Task item:
Copy all the lines of the listing below exactly. Skip the images.
=== Given data ===
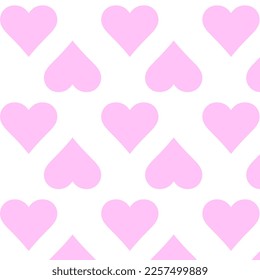 Patrón sin inconvenientes con los corazones para el Día de San Valentín 14 de febrero. Amor. Relación de amor. Utilícelo para postales, anuncios o paquetes.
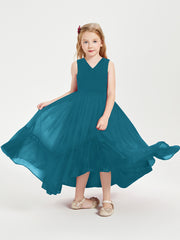Cascading Skirt Boho Dresses for Junior Bridesmaids Ink Blue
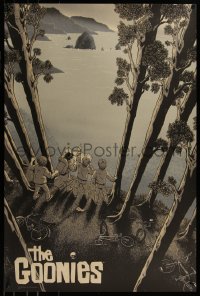 6x0844 GOONIES #2/125 24x36 art print 2014 Mondo, art by James Flames, variant edition!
===
Your solution:
 Patrón sin inconvenientes con los corazones para el Día de San Valentín 14 de febrero. Amor. Relación de amor. Utilícelo para postales, anuncios o paquetes.
Cascading Skirt Boho Dresses for Junior Bridesmaids Ink Blue
 6x0844 GOONIES #2/125 24x36 art print 2014 Mondo, art by James Flames, variant edition!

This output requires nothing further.